Check this for using IPCC Color Palettes: https://pyam-iamc.readthedocs.io/en/stable/tutorials/ipcc_colors.html (this package is not installed here)

Get back the keys to load scenarios data sets!

In [None]:
[key for key in dset_dict.keys()]

### Exercise
Make a figure showing the near-surface air temperature anomalies over the historical period and the future period up to 2100 for all scenarios available for your model.

### Solution

In [None]:
list_scenarios = ['ssp119', 'ssp126', 'ssp245', 'ssp370', 'ssp585']
colors = ['#00a9cf', '#003466', '#f69320', '#df0000', '#980002']

In [None]:
temp = []
for scenario in list_scenarios:
    ds = dset_dict["ScenarioMIP.IPSL.IPSL-CM6A-LR."+scenario+".Amon.gr"]
    da = ds.tas.isel(member_id=0) - 273.15
    temp.append(u.spatial_average(da.resample(time='Y').mean('time')))

# Concatenate results
ts_model_future = xr.concat(temp, pd.Index(list_scenarios, name='scenario')).load()

In [None]:
ref_period = slice('1995', '2014')
ref_obs = ts_obs.sel(time=ref_period).mean('time')
ref_model = ts_model.sel(time=ref_period).mean('time')

linewidth = 1

fig, axs = plot.subplots(axwidth=5, aspect=2)

# Past
axs[0].plot(
    ts_obs['time.year'], 
    ts_obs-ref_obs, 
    label='ERA5', color='k', linewidth=linewidth, linestyle='--'
)
axs[0].plot(
    ts_model['time.year'], 
    ts_model-ref_model, 
    label='historical', color='k', linewidth=linewidth
)

# Future
for i, scenario in enumerate(list_scenarios):
    axs[0].plot(
        ts_model_future['time.year'], 
        ts_model_future.sel(scenario=scenario) - ref_model, 
        label=scenario, color=colors[i], linewidth=linewidth
    )
    
axs[0].legend(ncols=2)

axs.format(
    xlabel='year',
    ylabel='Near-surface air temperature [°C]',
    suptitle='Global near-surface air temperature anomalies '+model_name+'\n(with respect to 1995-2014)',
    xlim=(1979,2100)
)
# fig.save('img/'+model_name+'_ts_tas_anomalies_projections.jpg')

## Share your results!
Go to the following link and upload the figures for your the model you chose of the global (or sub-zone) bias and projections!

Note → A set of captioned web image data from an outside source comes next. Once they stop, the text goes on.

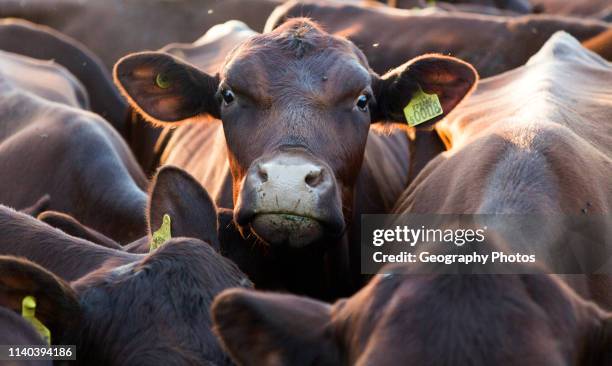 Young red poll cattle crowded together, Sutton, Suffolk, England, Uk.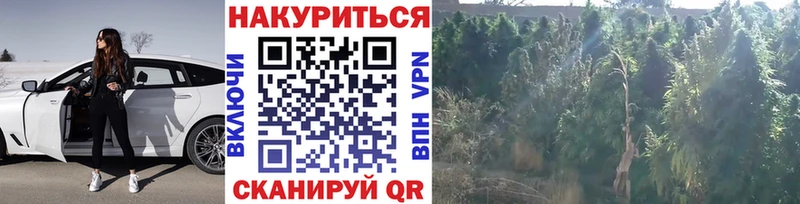 Каннабис SATIVA & INDICA  darknet официальный сайт  Юрга 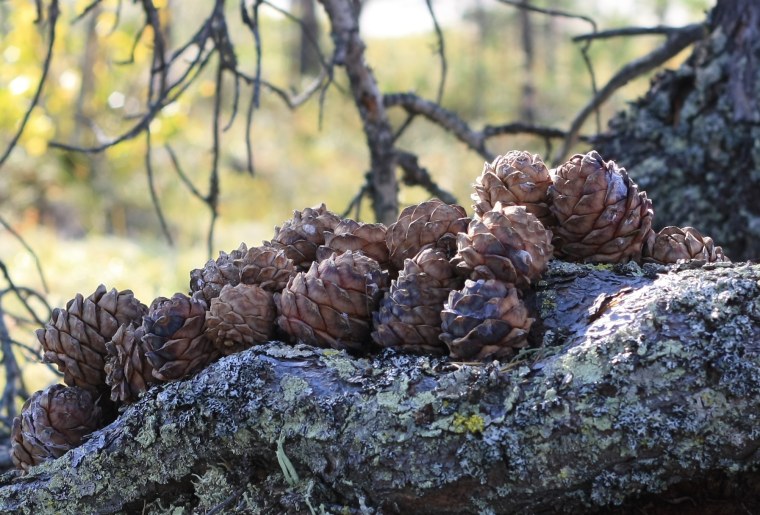 Пророщенная Кедровая шишка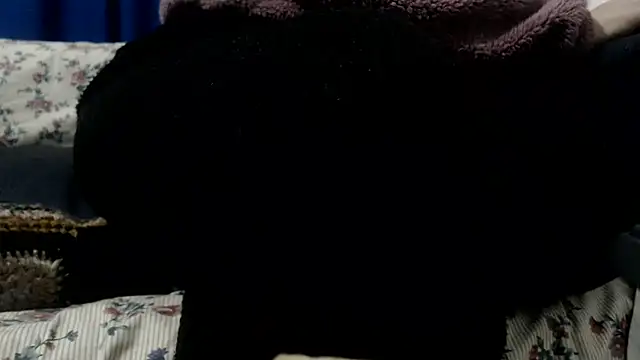 SofiEsteves Live XXX Chat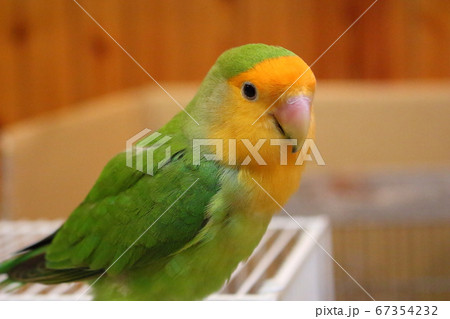 鳥 インコ 鳥かご コザクラインコの写真素材 - PIXTA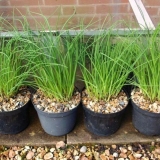 Kako uzgajati vlasac iz sjemena na prozorskoj dasci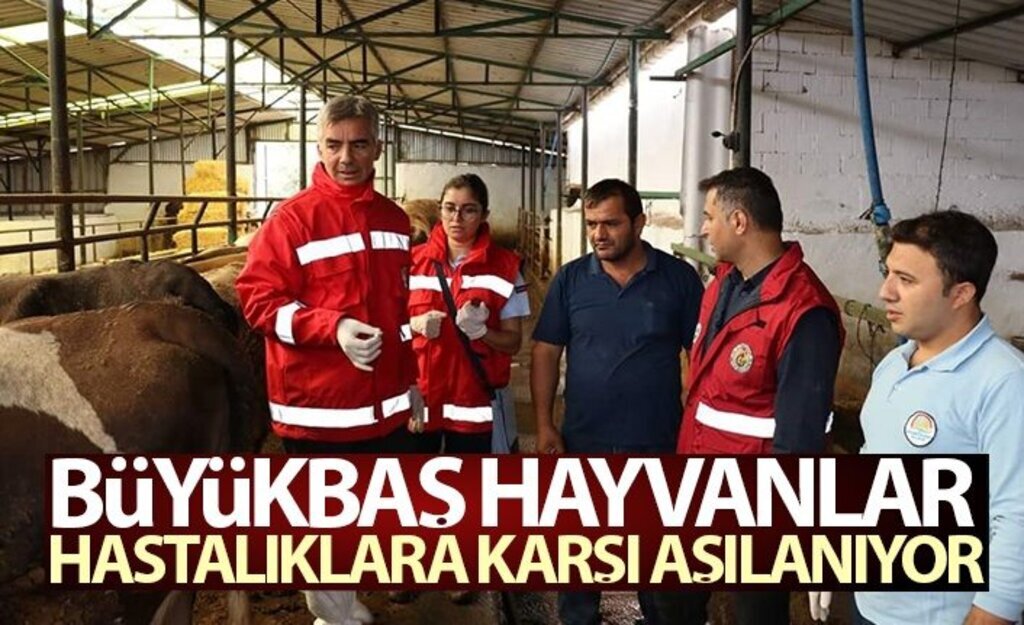 Büyükbaş Hayvanlar Hastalıklara Karşı Aşılanıyor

https://app.mural.co/t/variabiliteclimatique4363/m/variabiliteclimatique4363/1639491102483/fecf896fc166a77732b34ff63bf09000883718e3?sender=ufcbfba826e94d93c633c7410

## Bonus
If you still have time, try adding models or members to add uncertainties (to add envelopes to the curves, you can look at the [`fill_between()`](https://matplotlib.org/stable/api/_as_gen/matplotlib.pyplot.fill_between.html) function of matplotlib or otherwise proplot implements it directly in a simplified way: https://proplot.readthedocs.io/en/v0.6.4/1dplots.html#Shading-and-error-bars). 

Feel free to do any other analysis you are interested in!